FabricPath for Layer 2 DC Interconnect

The requirement for layer 2 interconnect between data centre sites is very common these days. The pros and cons of doing L2 DCI have been discussed many times in other blogs or forums so I won't revisit that here. Basically there are a number of technology options for achieving this, including EoMPLS, VPLS, back-to-back vPC and OTV. All of these technologies have their advantages and disadvantages, so the decision often comes down to factors such as scalability, skillset and platform choice.

Now that FabricPath is becoming more widely deployed, it is also starting to be considered by some as a potential L2 DCI technology. In theory, this looks like a good bet easy configuration, no Spanning-Tree extended between sites, should be a no brainer, right? Of course, things are never that simple let's look at some things you need to consider if looking at FabricPath as a DCI solution.

1. FabricPath requires direct point-to-point WAN links

A technology such as OTV uses MAC-in-IP tunnelling to transport layer 2 frames between sites, so you simply need to ensure that end-to-end IP connectivity is available.

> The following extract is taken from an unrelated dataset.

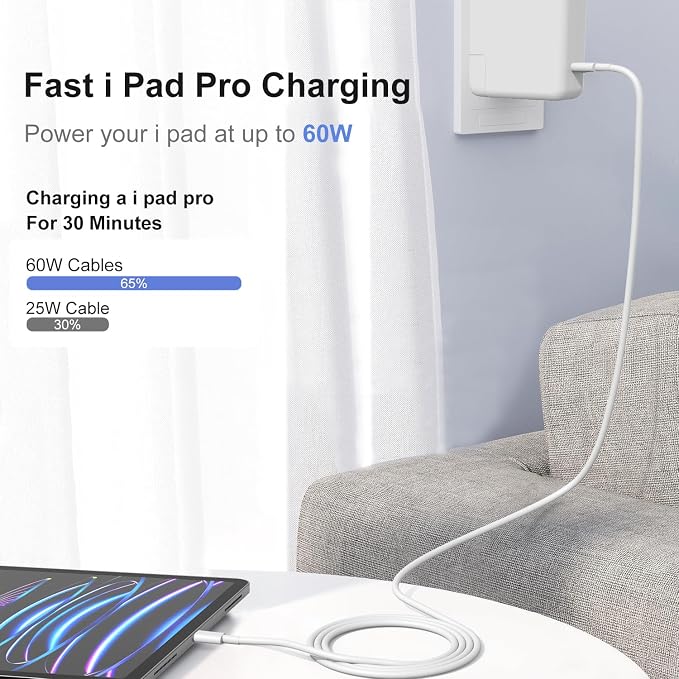 Hzevn 60W USB C Charging Cable for MacBook Pro/Air &amp for iPhone 16/15 Pro Max MFi Certified 20V/3A Super Fast Charger Cord 6ft+10ft PD 3.0 Compatible with iPad Pro 12.9/11 Samsung S25/S24(2-Pac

As a result, OTV is very flexible and can run over practically any network as long as it is IP enabled. FabricPath on the other hand requires a direct layer 1 link between the sites (e.g. dark fibre), so it is somewhat less flexible. Bear in mind that you also lose some of the features associated with an IP network for example, there is currently no support for BFD over FabricPath.

2. Your multi-destination traffic will be "hairpinned" between sites

In order to forward broadcast, unknown unicast and multicast traffic through a FabricPath network, a multi-destination tree is built. This tree generally needs to "touch" each and every FabricPath node so that multi-destination traffic is correctly forwarded. Each multi-destination tree in a FabricPath network must elect a root switch (this is controllable through root priorities, and it's good practice to use this), and all multi-destination traffic must flow through this root. How does this affect things in a DCI environment? The main thing to remember is that there will generally be a single multi-destination tree spanning both sites, and that the root for that tree will exist on one site or the other. The following diagram shows an example.



In the above example, there are two sites, each with two spine switches and two edge switches. The root for the multi-destination tree is on Spine-3 in Site B. For the hosts connected to the two edge switches in site A, broadcast traffic could follow the path from Edge-1 up to Spine-1, then over to Spine-3 in Site B, then to Spine-4, and then back down to the Spine-2 and Edge-2 switches in Site A before reaching the other host. Obviously there could be slightly different paths depending on topology, e.g. if the Spine switches are not directly interconnected. In future releases of NX-OS, the ability to create multiple FabricPath topologies will alleviate this issue to a certain extent, in that groups of "local" VLANs can be constrained to a particular site, while allowing "cross-site" VLANs across the DCI link.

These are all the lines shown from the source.